The transports of downblended weapons grade uranium from Russia for use in American commercial reactors were apart of a joint disarmament agreement between Moscow and Washington dubbed “Megatons to Megawatts,” which ran between 1993 and 2013.

The program supplied 10 percent of America’s electricity for 20 years.

HEU LEU Final shipment 2 Truckloads of dowblended uranium arriving at the United States Enrichment Corporation. ( Photo: Courtesy of centrusenergy.com)

Attorneys with the US Justice Department said in court on Monday that the payments made by US entities in exchange for non-competitive contracts were made between 2004 and 2014, and were in violation of the US Foreign Corrupt Practices Act.

Those who had made the payments were not identified during the court hearing, according to Agence France Presse. But the Justice Department pointed to a Maryland transport firm and two Ohio companies, now merged, involved in making pressure vessels for the nuclear industry, and to American individuals linked to the companies.

Boris Rubizhevsky, 64, of Closter, New Jersey, and Daren Condrey, 50, of Glenwood, Maryland, pleaded guilty in June in connection to the probe, the Justice Department said.

The FBI documents singled out Condrey as a principle in Maryland’s Transport Logistics International. The company paid bribes in exchange for non-bidding contracts to transport the uranium for a windfall of $33 million, according to the FBI.

Rubizhevsky, had earlier admitted he’d used his security firm Nexgen as a go-between for Mikerin and Transport Logistics International, said the Justice Department.

Mikerin is expected to be sentenced in December, and could, according to earlier reports by the Wall Street Journal, face as many as 28 years in prison.

The two other men involved in the scheme are scheduled for sentencing separately in October and November, the Justice Department said.

Rosatom issued a statement earlier this year saying it would fully cooperate with any US investigations, and added that other officials with the state corporation were not involved in the misconduct.

Other cooperative nuclear agreements have drawn corruption

Mikerin is not the only official from Russia’s state nuclear corporation to be netting by US officials for defrauding US-Russian disarmament agreements.
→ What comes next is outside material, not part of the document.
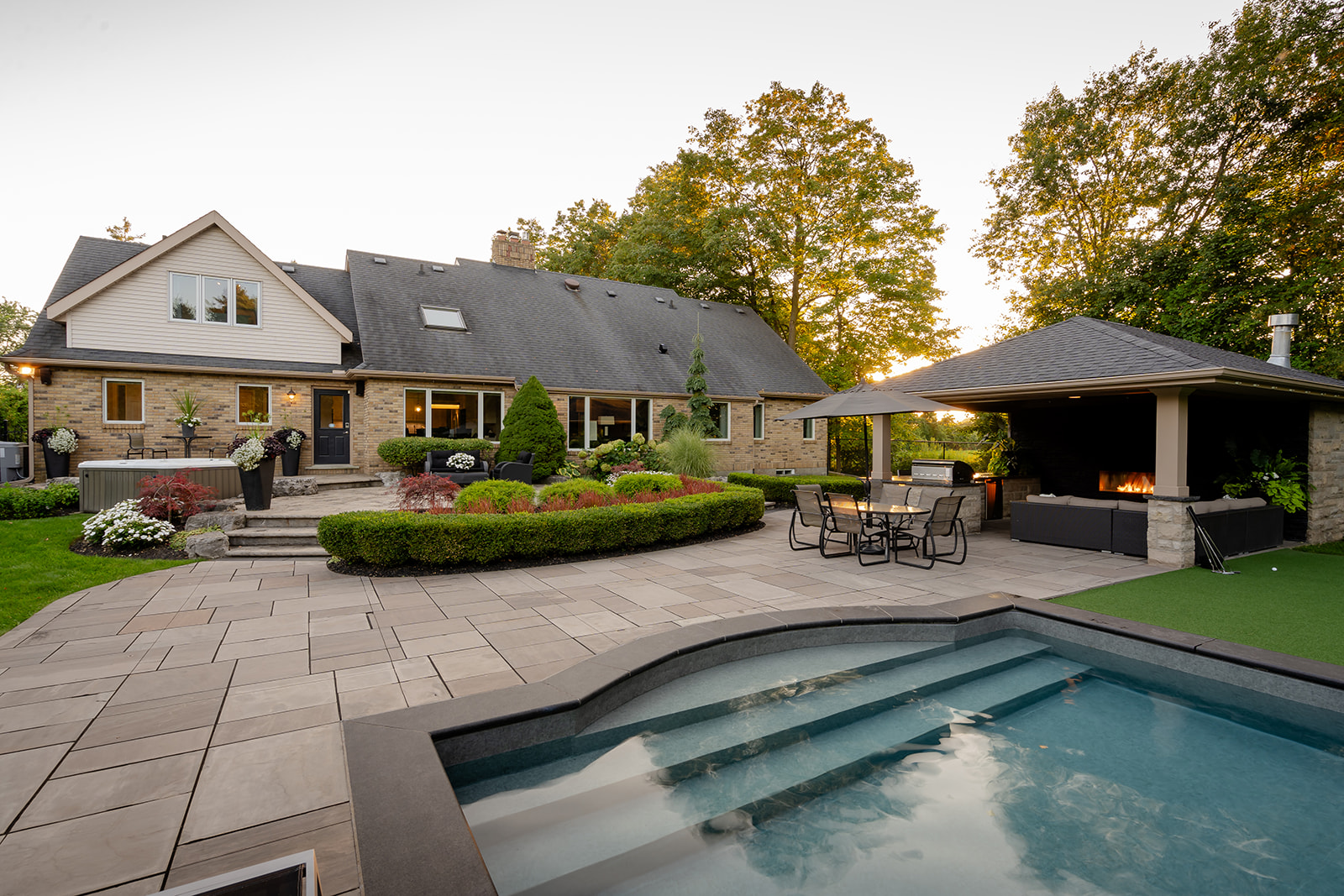 An inground pool with an outdoor patio set with the house in the background.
In 2005, that corruption reached the upper echelons of Minatom, Rosatom’s predecessor company, when its head, Yevgeny Adamov was arrested by Interpol in Switzerland.

adamov Yevgeny Adamov. (Photo: Rosatom/Minatom)

The US warrant through Interpol accused Adamov of swindling $9 million in US aid for nuclear safety upgrades in Russia.

Russia countered the US extradition request for Adamov immediately, charging him with graft in his home country.

A Swiss court, fearing the arbiter of Russia’s nuclear secrets might be tortured in American hands, sent him to stand trial in Russia. He was found guilty and, due to his age, received a 5-and-a-half-year suspended penal colony sentence.